Hastane penceresine takıldı gözleri biri gelsin diye değil kendi gitsin diye işte ben oradaydım. Henüz telefon icat edilmemiş- gülücük sembolü zorunlu ders olmamıştı, ben oradaydım. E-arşivde iyilikler kötülükler arşivlenmemişti ben oradaydım, açık adres sorarsanız güneş batımının kapı eşiğinde. Kızma yeterince kardeş olamadım sana ama şunu bil ki kardeşim sen hep “iyi bir şey olsun diye çırpınırken” ben oradaydım. Kaybetmiş hissettiğin her an ben iki kat kaybettim. Hem seni hem de kendimi. İyileşemezken paylaşamadığın küskünlüklerin ben oradaydım. Unutmadan bil isterim ki bir de çok yorgundum…

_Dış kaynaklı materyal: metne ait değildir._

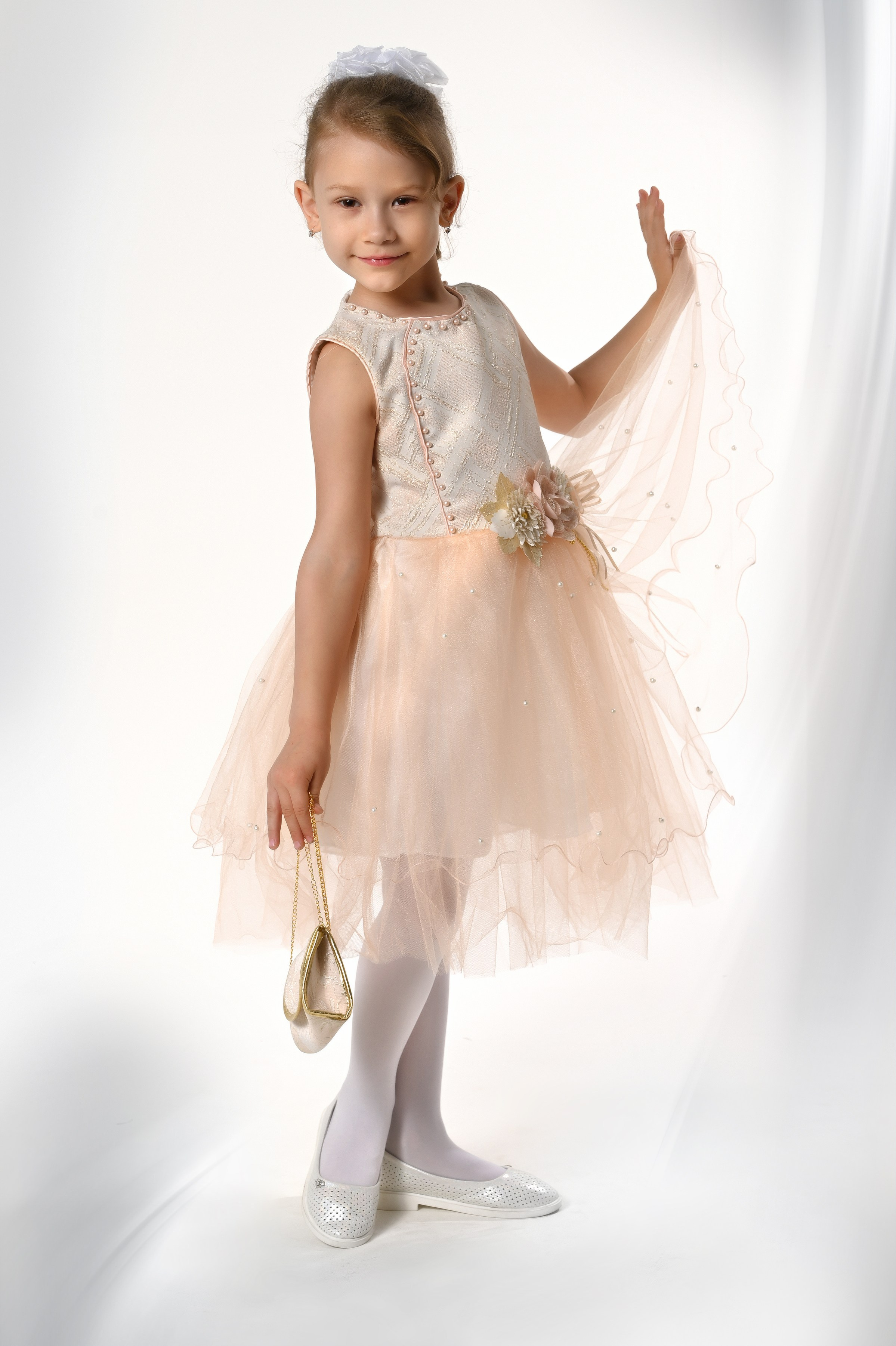 Девочка в бежевом выпускном платье в фотостудии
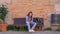 Attractive young girl sitting alone on the banch with mobile phone and backpack. Bored teen scrolling, sending message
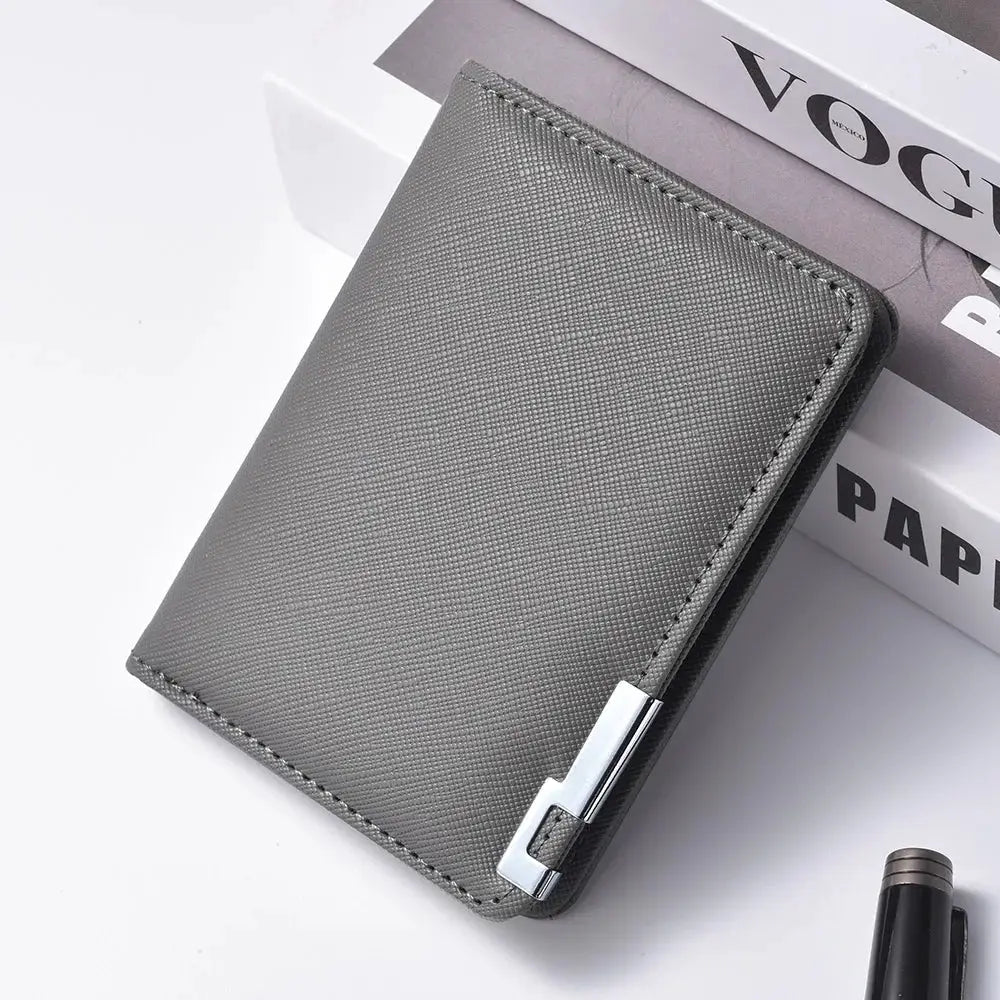 Grey faux-leather small slim business-style wallet with metal accent.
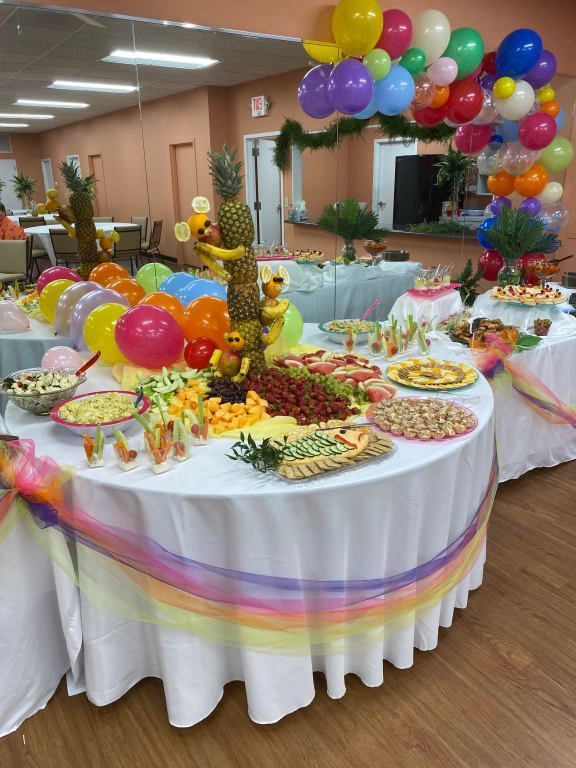 A table with a bunch of food and balloons on it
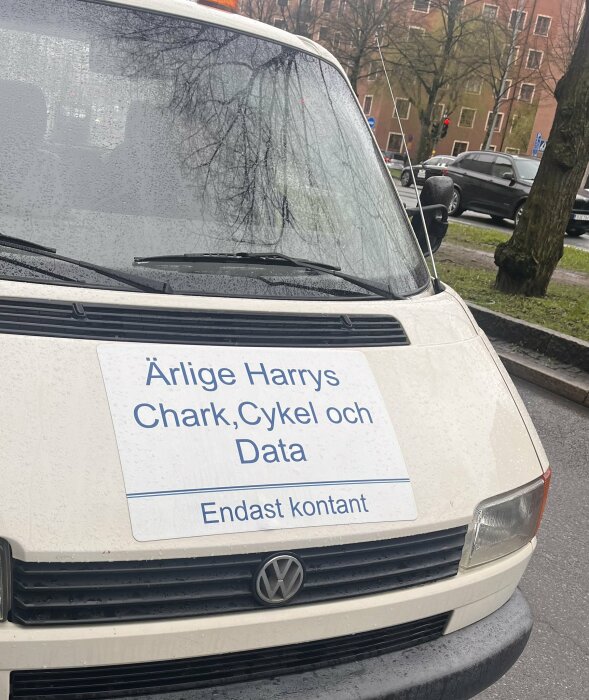 Vit skåpbil med skylt "Ärlige Harrys Chark, Cykel och Data Endast kontant" på framsidan.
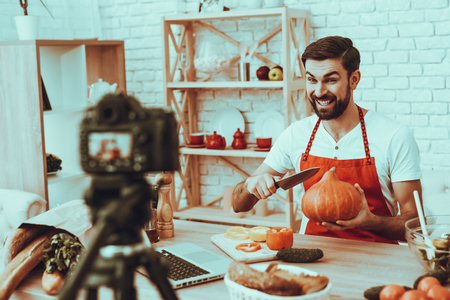 Blogger Makes a Video. Blogger is Smiling Beard Man. Video About a Cooking. Camera Shoots a Video. Laptop and Different Food on Table. Man Showing He Want Cuts a Pumpkin. Man in Studio Interior.の写真素材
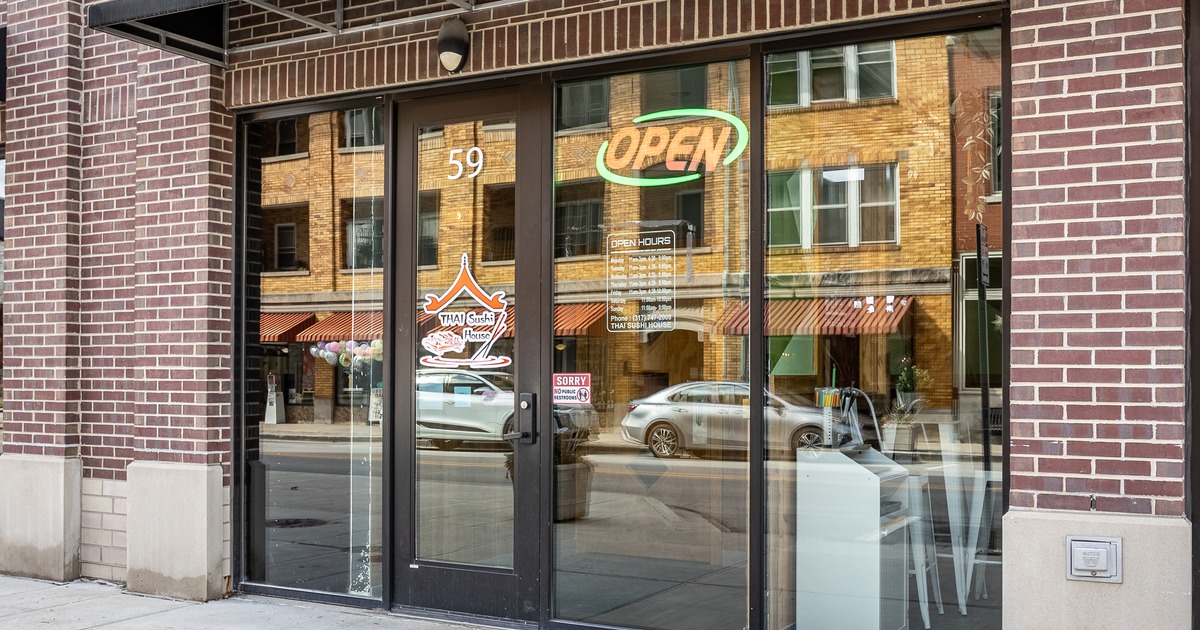 Exterior, front view to restaurant, entrance, sign above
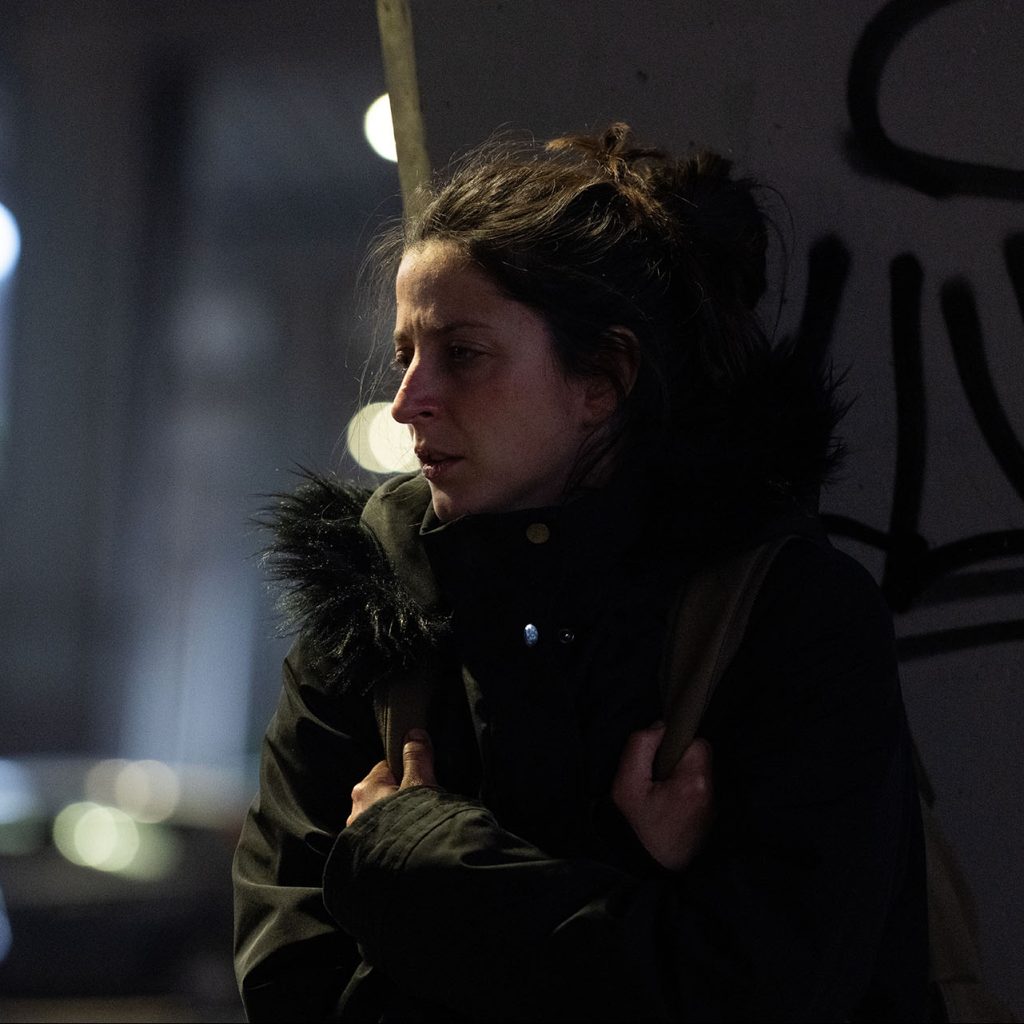 Nighttime portrait of person outdoors in coat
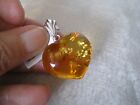 Cognac Amber heart pendant, 27 mm x 24 mm, in 2.26 grams of 925 Sterling Silver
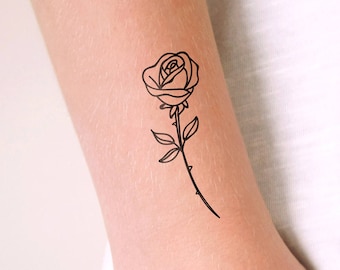 Könnte beinhalten: Schwarze Rosen-Tätowierung auf einem Arm. Die Tätowierung ist eine detaillierte Umrisszeichnung einer Rose mit Blättern, die auf dem Unterarm platziert ist. Die Person trägt ein weißes Oberteil und einen goldenen Ring.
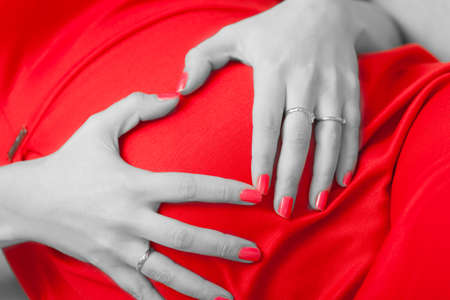 Pregnancy, motherhood and happiness concept. stylish elegant pregnant woman in red dress relaxing on sofa, making heart shape with hands over belly, symbol of loveの写真素材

Düşünün ki! Kardeşiniz yok! Ama o biçim de uykunuz var. “O biçim” kelimesi hoşuna gitmediyse de tam ifade kabiliyeti olan bir söz öbeği. Durumun müsait-yazıyor-uyuyor ama gereceği sadece kardeşin biliyor. Bazen öz kardeşin bazen arkadaşın, bazen de büyüğün ama rolü senin kardeşin- sen de onun kardeşi. Ceketindeki mendil, gözlüğündeki gözlük, arka dolabında hiç içilmeyeceğini bildiğin şarap, el örgüsü tilki, klavyede ihtiyacın olmayan “delete”, imsak vakti alarm, deneyimlerindeki yetki devri.
Hep kandırdılar bizi kardeşim, olup olmadık yerlerde duygulanmaya hakkın yok diye; iş yerinde, okul da, kalabalık da… Geriye ne kaldı ki? “Kardeş” nakış gibi bir kelime ama duygu yükünü taşıyabilene. İntikal zamanı şimdi kardeşten kardeşe; deri bir çanta – hakiki deri ama- bir de küçülen elbise koca duygu seline. Bu bir cesareti kırık, itibarı yara almış bir kardeşin emridir ki hüzünlü haber vermesin kimse kimseye kardeşi yanımda olmadan Asla!
“Kardeşim” hitabı sonucu ortada sebep yokken duygulanmıyorsan, kardeşin yok demektir. Bu aynı zamanda duasında ismini geçirenin de yok anlamına gelir. En acısı da “La Tahzen / Üzülme Allah bizimle beraberdir” diyenin yok demektir. LA TAHZEN! Kırılsın tüm daktilonun tuşları.
Kardeşim ister adını dahi duymadığım topraklardan ister yan odadan istersen de Kaf dağının ardından artık gel ve ben geldim de ben tanırım seni çünkü ben eskiden ordaydım.